Hijo de tigre sale rayado
jueves, junio 30, 2005

Mi abuela se masturba. Al menos eso fue lo que pensé en el preciso instante en que quise entrar a su dormitorio sin previo aviso, y sin tocar la puerta. Las relaciones con ella a partir del episodio de sus sospechas hacia Billy han venido fortaleciéndose saludablemente, teniendo como denominador común la mutua complicidad, pues como bien recordarán, es casi improbable que una vieja senil, devastada por la edad y encima toxicómana (porque lo es, me consta, tengo pruebas fehacientes del delito) vaya a encontrar inverosímil la manoseada historia de las encerronas de su nieto con un chico casi párvulo, para luego salir bien bañaditos con el dizque cuento de estar ensayando en aras de convertirse en la próxima banda de rock que pateará el culo a cuanto wannabe se encuentre en su haber.

Para evitar que este relato suene a tomadura de pelo, creo conveniente establecer algunos puntos desconocidos sobre la historia de mi abuela. Es madre de mi madre y única sobreviviente de la primera generación de la capa exterior de mi familia nuclear (revisen sus textos de Educación Cívica), pues lo padres de mi padre fallecieron antes de que yo viniese al mundo. Mi abuela tuvo a mi madre a los 16 años, fruto de una unión arreglada y planaeada milimétricamente con éxito por mis bisabuelos en lo que fue una jugada maestra. Casaron a mi abuela a los 15 años con un fabricante norteño, por ese entonces propietario de una fábrica de papel, tras lo cual, al cabo de un año, tuvo su primer retoño, que fue mi madre. Las malas lenguas de las altas jerarquías de Trujillo aseguraban que mi madre fue en verdad producto del ardid apasionado de mi abuela con un funcionario de la fábrica, pero esas son habladurías que no vale la pena mencionar, aunque sí investigar, porque por un extraño estigma del destino, mi abuela nunca quizo a mi madre, razón suficiente como para mandarla a estudiar a Lima ni bien empezó a aflorar su adolescencia.

De pequeño, mi madre solía contarme sobre la altivez y los aires de Catalina Krill de mi abuela. No sólo sometió a mi madre a absurdos y puritanos sistemas de crianza, sino que en el colmo de la castración filial, erradicó de la casa a todos los adolescentes que pretendían ser sus enamorados y hasta llegó a humillarla con no dejarla ir a fiestas, mutilarle las reuniones juveniles, negarle el permiso para asistir al viaje de promoción e inclusive prohibirle coleccionar revistas de ídolos de la nueva ola, o las revistas femeninas tipo Vanidades con Twiggy y Jane Fonda en la carátula, que era lo que acostumbraban a coleccionar las quinceañeras por ese entonces, porque hay que recordar que corrían los años sesenta.

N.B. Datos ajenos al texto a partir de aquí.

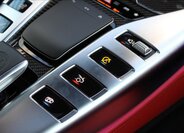 Mercedes-Benz AMG GT Kombi 4,0 l 430 kw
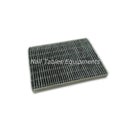 FILTRO AI CARBONI PER ASPIRATORI DELUXE - TUTTI I MODELLI, Apparecchiature, Aspiratori professionali da incasso made in Italy, SNC Super Nail Center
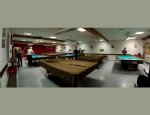 Photo BILLARD CLUB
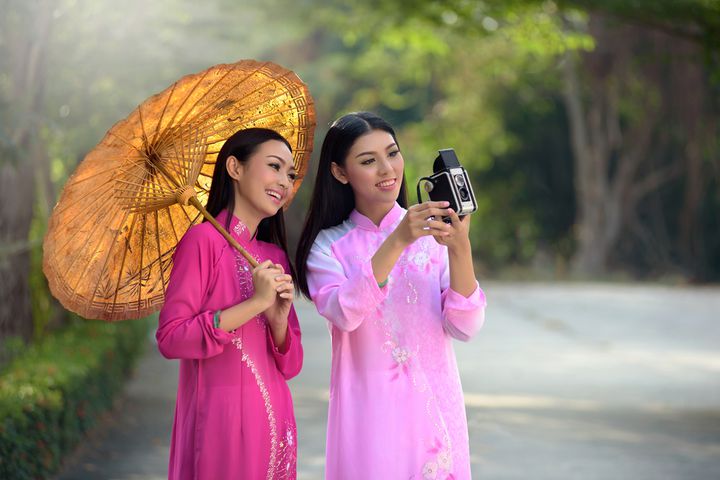 Special experience in Cambodia 🇰🇭アンコールワット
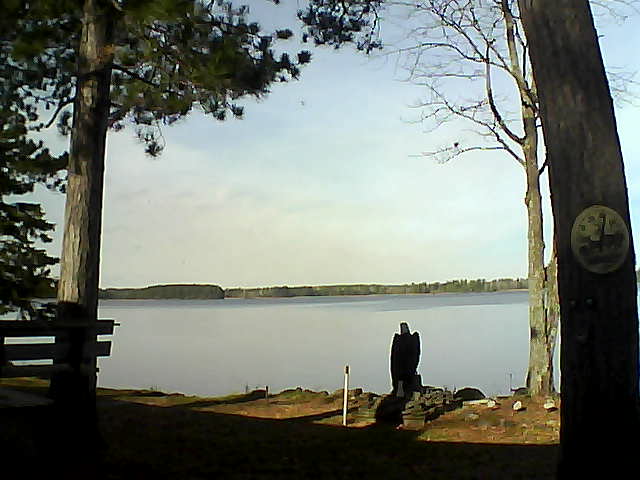 Whiteface Cam Image - Tue, 10/25/2016 10:49am 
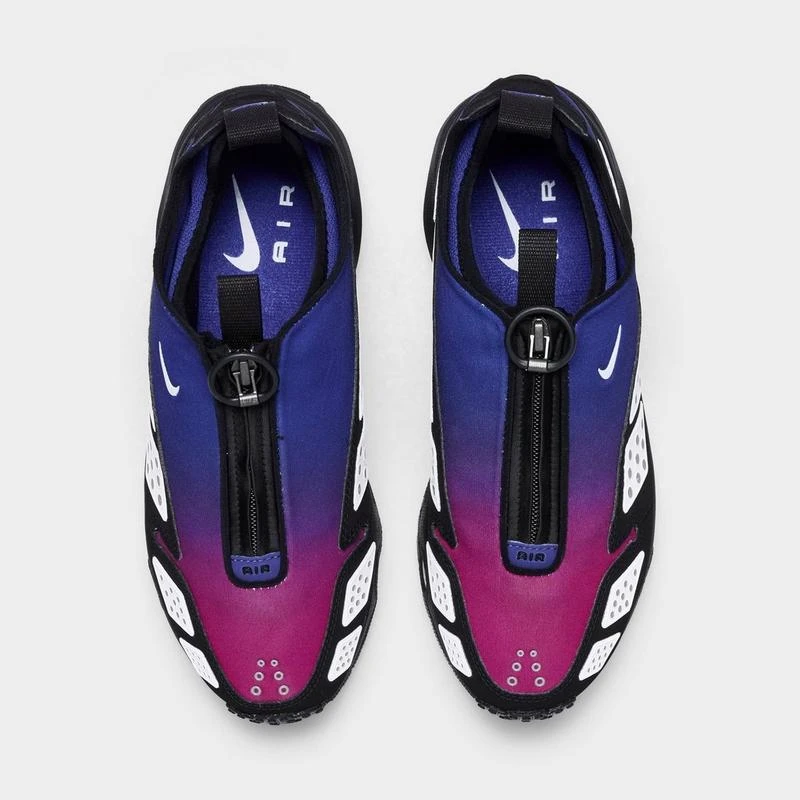 NIKE Women's Nike Air Max SNDR FADE Casual Shoes 5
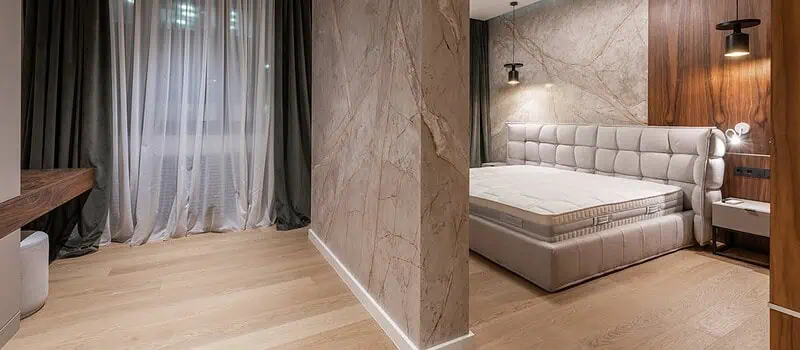 Bonaldo: ekskluzywne łóżka do sypialni „Made in Italy”
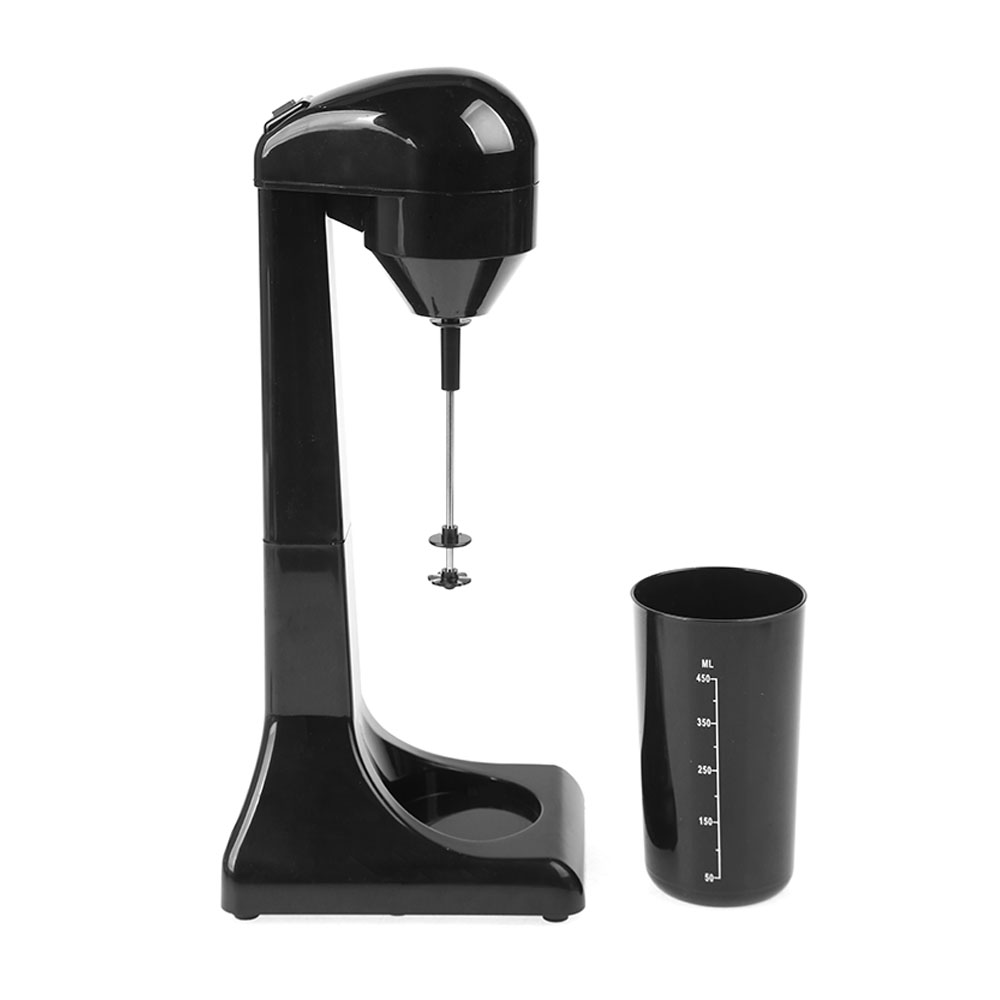 Espumador de leche eléctrico d - Kitchen Baking Appliances reseña y precio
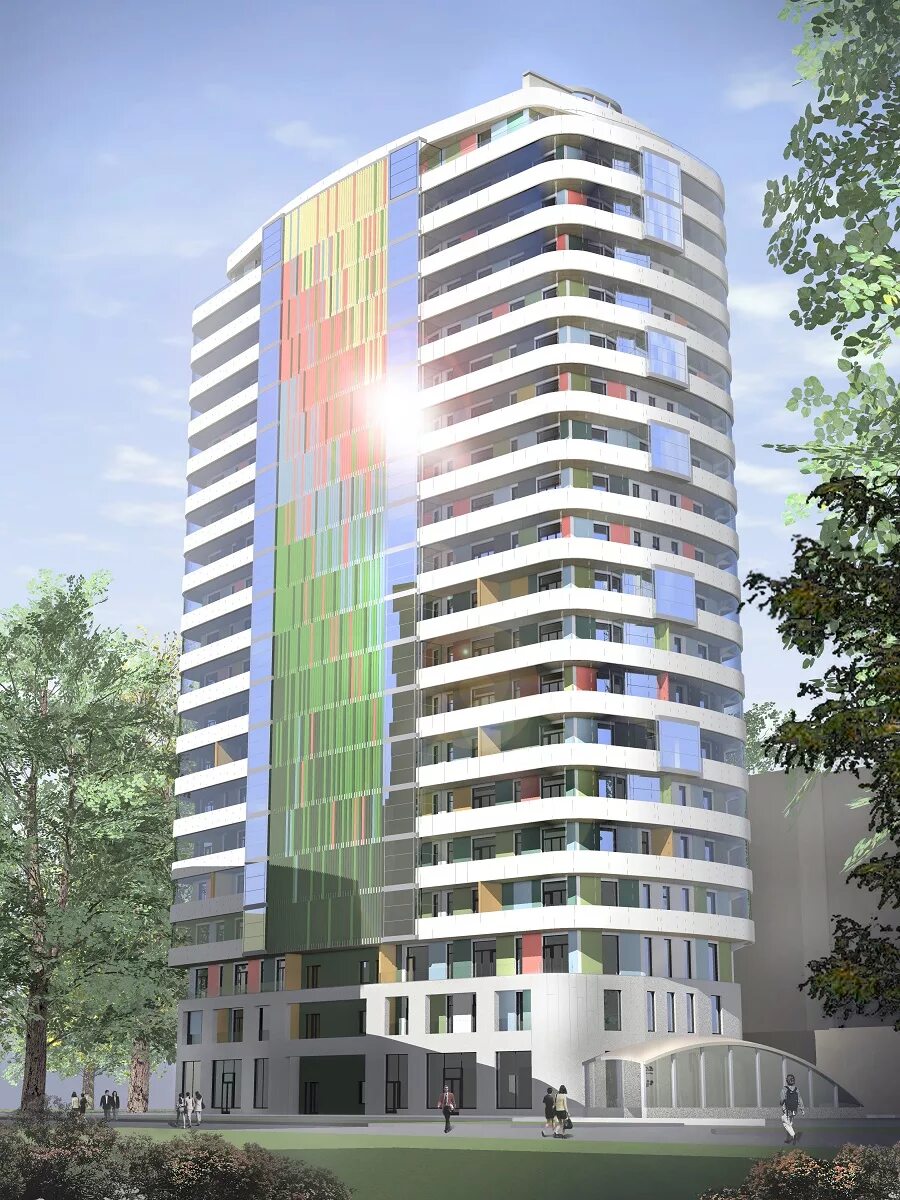 краснодар кубанская набережная 3. г. краснодар кубанская набережная 3. кубанская набережная 3/1. жк солнечный дом краснодар.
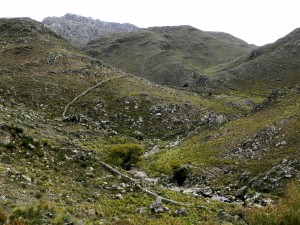 En vacaciones de invierno más de 2000 turistas visitaron Áreas Naturales Protegidas en diversos puntos de la provincia.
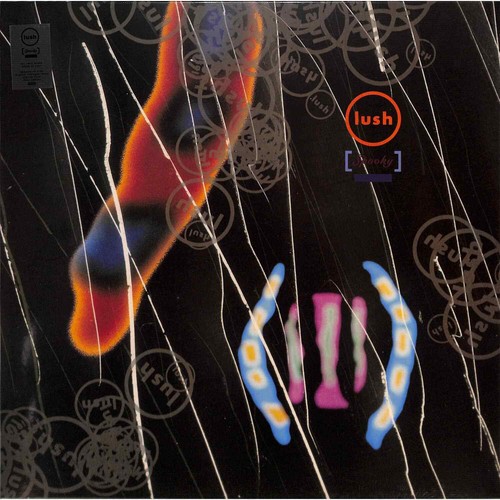 Lush spooky - lush,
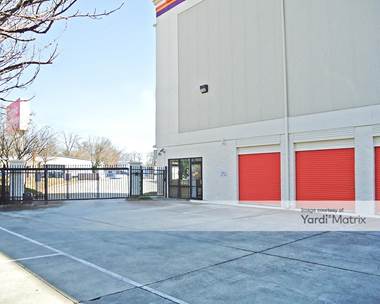 Storage Units for Rent available at 1506 Howell Mill Road NW, Atlanta, GA 30318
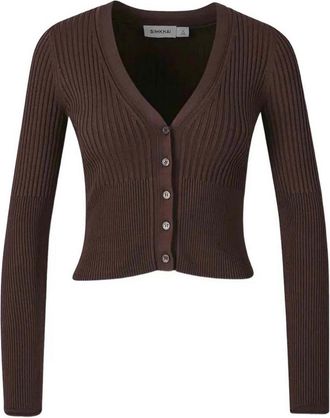 Jonathan Simkhai Ailany Cardigan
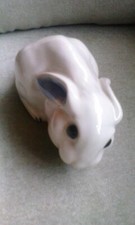 WADE ARUNDEL BUNNY (WHITE) 1998 L/E 100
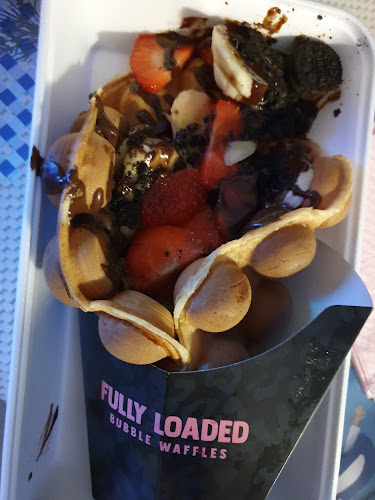 Fully Loaded - Ice cream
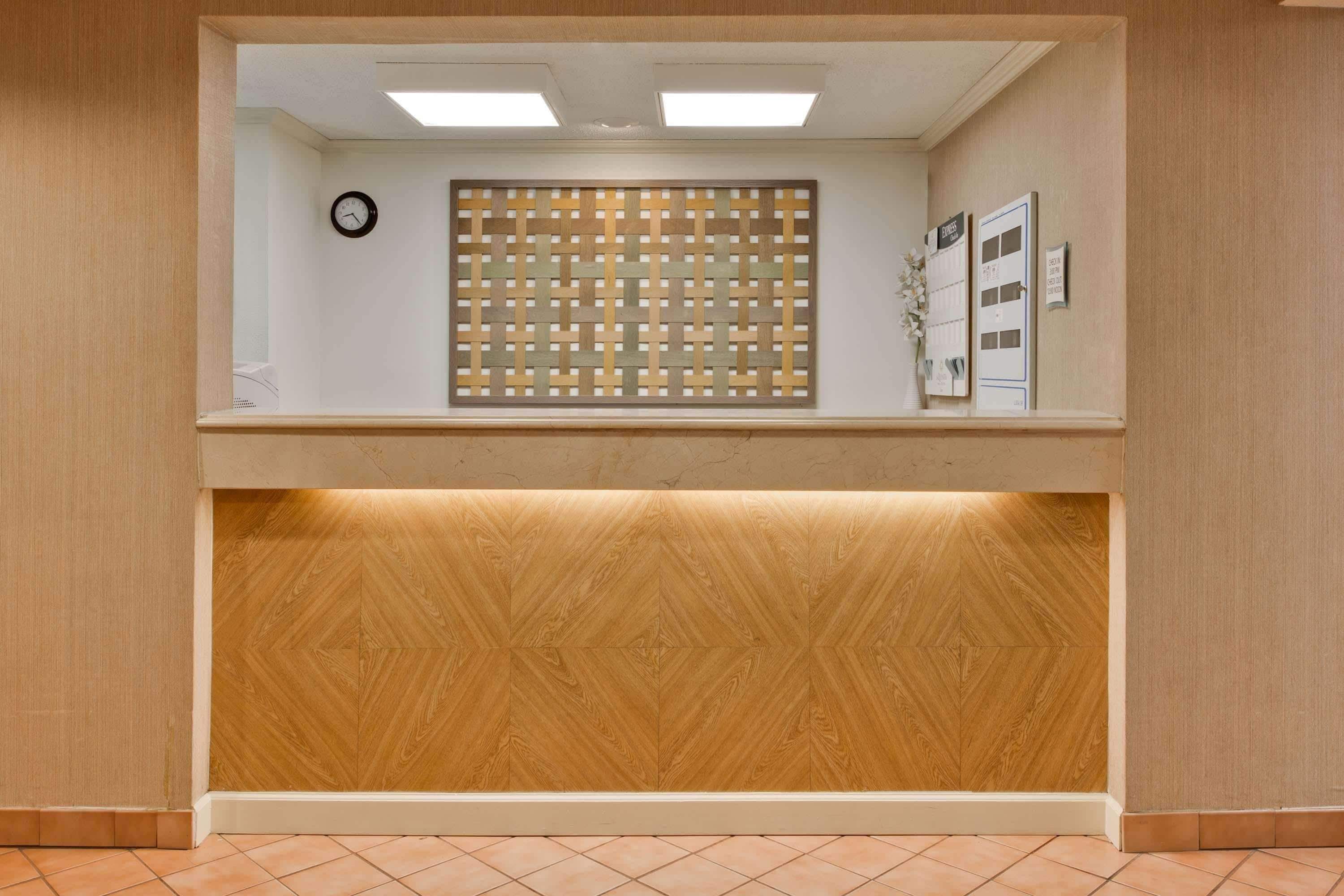 Foto - La Quinta by Wyndham Lakeland East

Tras la muerte de mi abuelo, unos diez años atrás, mi madre fue la primera en negarse a acoger a mi abuela, pero tuvo que hacerlo porque mi tío, el segundo hijo de mi abuela, vivía en Chile en esa época, y en su condición de mujeriego empedernido aún soltero, se negó a postrarse ante el yugo de la implacable matriarca. Curiosamente, la única persona a la cual mi abuela parece querer de verdad, es a mí. Recuerdo haber sido mediador, de pequeño, de cuanta disputa familiar estallaba en casa. Hacia mi temprana adolescencia descubrí que había heredado sus mismos hábitos y disfunciones, como por ejemplo, el afán de automedicarse. Mi abuela, más que hipocondríaca, suele inventarse cuanta enfermedad existe para poder hacer lo que le de la gana con lo que los médicos le prescriben. Más de una vez ha estado al borde de la muerte, tras tomarse alguno de los antidepresivos que yo tomaba y solía olvidar en la cocina o en cualquier otro lugar.

Por eso, cuando nos quedamos solos en la casa, he tratado de trazar una existencia paralela a la suya, con el objetivo de coexistir en paz. Su personalidad y los arrebatos de su indomable carácter ocasionan que choquemos de vez en cuando, aunque sigo pensando que lo mejor sería que ella deje de existir, de una buena vez. Sin embargo, anoche entré a su dormitorio para preguntarle quién carajo se estaba acabando mis cremas para el cabello que mi madre me manda de Miami, cuando vi su silueta recortada por el resplandor del televisor, abierta de piernas y con ambas manos posicionadas en aquella incuestionable parte de nuestra anatomía. Nada del otro mundo, de no haber sido por el extremo de su bata subido hasta la cintura y su calzón blanco de bombacho sostenido entre sus canillas. ¿Qué estaba haciendo?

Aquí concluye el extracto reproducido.